Mystery as retired economist, 83, vanishes while walking his dogs near rural Turkish retreat – as his British wife and daughter beg for help finding him after massive month-long manhunt found no trace
- Korhan Berzeg vanished on June 17, while walking in woods near his hometown
- The whereabouts of the 83-year-old remain unknown more than five weeks on
- His British wife and daughters are now calling for help in cracking his case
The British family of a renowned Turkish economist who seemingly disappeared without a trace while walking his dogs in the forest are begging for help after large-scale search efforts turned up no leads.
Korhan Berzeg, 83, vanished on Saturday, June 17, while walking in the woods in Armutlu, close to the Gönen district of his hometown Balikesir, where the family was visiting from their regular home – a stunning villa on an island close to the capital Istanbul.
His Doberman pinscher Tina also disappeared, with his second dog – an adopted stray named Esmeralda – only alerting the family when she turned up at the house alone.

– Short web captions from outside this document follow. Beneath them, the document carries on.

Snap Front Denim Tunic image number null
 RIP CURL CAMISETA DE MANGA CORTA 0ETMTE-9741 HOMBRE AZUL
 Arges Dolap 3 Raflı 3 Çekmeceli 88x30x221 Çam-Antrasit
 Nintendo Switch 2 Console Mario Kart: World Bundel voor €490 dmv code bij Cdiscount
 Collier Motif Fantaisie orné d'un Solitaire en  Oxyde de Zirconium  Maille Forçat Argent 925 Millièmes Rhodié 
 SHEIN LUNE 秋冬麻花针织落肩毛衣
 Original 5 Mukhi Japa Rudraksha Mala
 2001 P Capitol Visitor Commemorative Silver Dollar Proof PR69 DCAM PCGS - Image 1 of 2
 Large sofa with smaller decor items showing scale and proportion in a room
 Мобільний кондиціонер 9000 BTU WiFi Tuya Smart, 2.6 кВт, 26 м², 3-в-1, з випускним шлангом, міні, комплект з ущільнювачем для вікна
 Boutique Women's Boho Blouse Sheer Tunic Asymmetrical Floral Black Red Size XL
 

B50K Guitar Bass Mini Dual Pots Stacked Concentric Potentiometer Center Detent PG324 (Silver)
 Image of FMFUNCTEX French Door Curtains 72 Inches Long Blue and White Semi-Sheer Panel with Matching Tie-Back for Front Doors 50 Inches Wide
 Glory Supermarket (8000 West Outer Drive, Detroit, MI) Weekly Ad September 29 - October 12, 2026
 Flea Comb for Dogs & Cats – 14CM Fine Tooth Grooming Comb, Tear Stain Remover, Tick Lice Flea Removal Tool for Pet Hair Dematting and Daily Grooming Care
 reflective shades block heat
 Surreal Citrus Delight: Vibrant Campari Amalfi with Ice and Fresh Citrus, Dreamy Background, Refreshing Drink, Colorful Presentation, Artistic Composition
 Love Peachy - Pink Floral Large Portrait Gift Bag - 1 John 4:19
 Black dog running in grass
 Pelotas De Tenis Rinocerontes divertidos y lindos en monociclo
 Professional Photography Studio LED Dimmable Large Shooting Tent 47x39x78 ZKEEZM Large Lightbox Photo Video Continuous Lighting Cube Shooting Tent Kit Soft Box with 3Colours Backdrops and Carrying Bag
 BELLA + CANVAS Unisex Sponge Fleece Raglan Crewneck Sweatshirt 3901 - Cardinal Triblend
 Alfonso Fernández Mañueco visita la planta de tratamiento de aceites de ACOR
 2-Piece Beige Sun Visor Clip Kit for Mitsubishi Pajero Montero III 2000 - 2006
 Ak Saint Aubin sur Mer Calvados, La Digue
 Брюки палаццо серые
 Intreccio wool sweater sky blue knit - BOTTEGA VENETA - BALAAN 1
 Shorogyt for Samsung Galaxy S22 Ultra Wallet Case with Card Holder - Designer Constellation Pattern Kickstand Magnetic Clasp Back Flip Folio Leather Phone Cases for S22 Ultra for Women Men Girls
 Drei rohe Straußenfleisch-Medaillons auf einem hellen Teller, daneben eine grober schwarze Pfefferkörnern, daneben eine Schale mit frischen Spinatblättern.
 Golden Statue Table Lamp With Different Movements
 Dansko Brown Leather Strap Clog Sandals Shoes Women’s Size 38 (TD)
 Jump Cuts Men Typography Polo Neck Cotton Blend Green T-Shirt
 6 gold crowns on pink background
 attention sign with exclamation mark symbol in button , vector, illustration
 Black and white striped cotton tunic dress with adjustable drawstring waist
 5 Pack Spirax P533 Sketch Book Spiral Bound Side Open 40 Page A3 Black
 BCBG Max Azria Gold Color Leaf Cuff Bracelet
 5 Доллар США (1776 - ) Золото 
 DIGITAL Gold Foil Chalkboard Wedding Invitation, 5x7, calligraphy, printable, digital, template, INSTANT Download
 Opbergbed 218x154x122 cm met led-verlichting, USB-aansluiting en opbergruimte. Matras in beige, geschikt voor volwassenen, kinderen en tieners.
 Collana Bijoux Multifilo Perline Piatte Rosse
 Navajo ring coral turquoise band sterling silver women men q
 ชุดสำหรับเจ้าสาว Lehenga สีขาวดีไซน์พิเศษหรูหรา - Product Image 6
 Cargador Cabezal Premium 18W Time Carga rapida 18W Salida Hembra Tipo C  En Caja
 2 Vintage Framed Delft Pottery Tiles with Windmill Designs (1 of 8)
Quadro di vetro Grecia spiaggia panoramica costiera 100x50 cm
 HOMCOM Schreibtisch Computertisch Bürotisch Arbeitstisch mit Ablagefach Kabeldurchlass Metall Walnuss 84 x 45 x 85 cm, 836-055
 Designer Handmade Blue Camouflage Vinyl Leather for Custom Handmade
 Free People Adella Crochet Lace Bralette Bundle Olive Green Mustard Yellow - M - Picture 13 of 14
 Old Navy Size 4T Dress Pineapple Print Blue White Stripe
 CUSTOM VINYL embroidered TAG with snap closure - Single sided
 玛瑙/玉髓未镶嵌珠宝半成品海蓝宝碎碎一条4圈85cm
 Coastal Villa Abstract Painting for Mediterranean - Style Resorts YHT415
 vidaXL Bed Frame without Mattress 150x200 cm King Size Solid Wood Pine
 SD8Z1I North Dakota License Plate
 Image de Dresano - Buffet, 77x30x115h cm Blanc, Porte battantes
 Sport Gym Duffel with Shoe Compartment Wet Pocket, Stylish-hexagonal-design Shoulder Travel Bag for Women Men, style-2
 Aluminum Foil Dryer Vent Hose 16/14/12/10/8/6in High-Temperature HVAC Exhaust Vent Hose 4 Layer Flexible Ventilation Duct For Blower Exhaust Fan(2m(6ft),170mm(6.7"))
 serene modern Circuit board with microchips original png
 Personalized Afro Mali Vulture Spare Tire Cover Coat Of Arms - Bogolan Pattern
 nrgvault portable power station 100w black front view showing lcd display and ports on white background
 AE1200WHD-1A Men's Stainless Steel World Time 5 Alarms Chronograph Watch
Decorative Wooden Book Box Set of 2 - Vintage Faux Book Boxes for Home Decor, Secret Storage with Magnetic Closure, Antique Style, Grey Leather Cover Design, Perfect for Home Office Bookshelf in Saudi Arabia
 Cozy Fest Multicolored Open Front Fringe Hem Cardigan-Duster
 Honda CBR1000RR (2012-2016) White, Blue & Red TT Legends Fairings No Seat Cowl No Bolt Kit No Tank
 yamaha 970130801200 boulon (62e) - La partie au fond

Grandfather-of-three Berzeg had recently retired after a long and storied career as a world-renowned economist which included stints as the Asia Director at the World Bank in the US, advisory roles in the US and Saudi governments, and various teaching positions at respected universities.
But now his wife Angela, 80, and daughters Sibel and Nisa, both of whom are in their 50s, have pleaded with anyone that has information on the whereabouts of their father to get in touch after sniffer dog patrols and drone searches failed to find a trace of Korhan’s presence.
Korhan Berzeg, 83, vanished on Saturday, June 17, while walking in the woods in Armutlu, close to the Gönen district of his hometown Balikesir
Korhan is seen alongside wife Angela in this picture shared on social media calling for help in solving his disappearance
‘If anyone has even the slightest inkling of information — if you have seen or heard anything that could shed light on my husband’s disappearance — I beg you to come forward,’ Angela said in comments carried by The Sun.
‘No detail is too small, every piece of information could hold the key to unravelling this bewildering mystery and restoring hope to our shattered lives.
‘Korhan, if you can hear my plea, know that your absence is felt deeply by all who love you. We will never stop searching, and we will never give up hope.’
Nisa, 50, added: ‘None of it makes sense. My dad went off on his regular morning walk and never came back.
‘It’s incredible that nothing — no clothing, a shoe, his glasses, a dog collar, nothing — has turned up.
‘It’s upsetting to think of it but perhaps my dad and Tina have been taken somewhere by someone and that someone may have harmed them.
‘But why? Why would anyone hurt my elderly father years after his retirement? It just doesn’t add up.’
In the past month since Korhan’s disappearance, police have canvassed an area of 200 square kilometres (77 square miles) in and around Balikesir.
Search teams have deployed sniffer and cadaver dogs in an attempt to find clues or a body, and used infrared cameras mounted to fleets of drones to scour the area from above.
The search operation extended through 22 rural neighbourhoods, 10 wells, 60 abandoned buildings and various forested areas, pathways, swamps, fields and a stream, according to authorities.
More than 300 officers took part in the search operation, but more than five weeks on from Korhan’s ill-fated stroll, the cops have nothing to show for it.
Korhan’s daughters believe he may have been kidnapped, arguing that had he suffered an accident or been injured, Tina the Doberman would have remained by his side or gone to call for help.
Tina’s disappearance alongside her owner suggests that ‘they may have both been taken somewhere’ and that ‘if Tina had been unharmed she would’ve been found by now’, according to Nisa.
Gönen’s public prosecutor’s office is continuing the investigation into Korhan’s disappearance.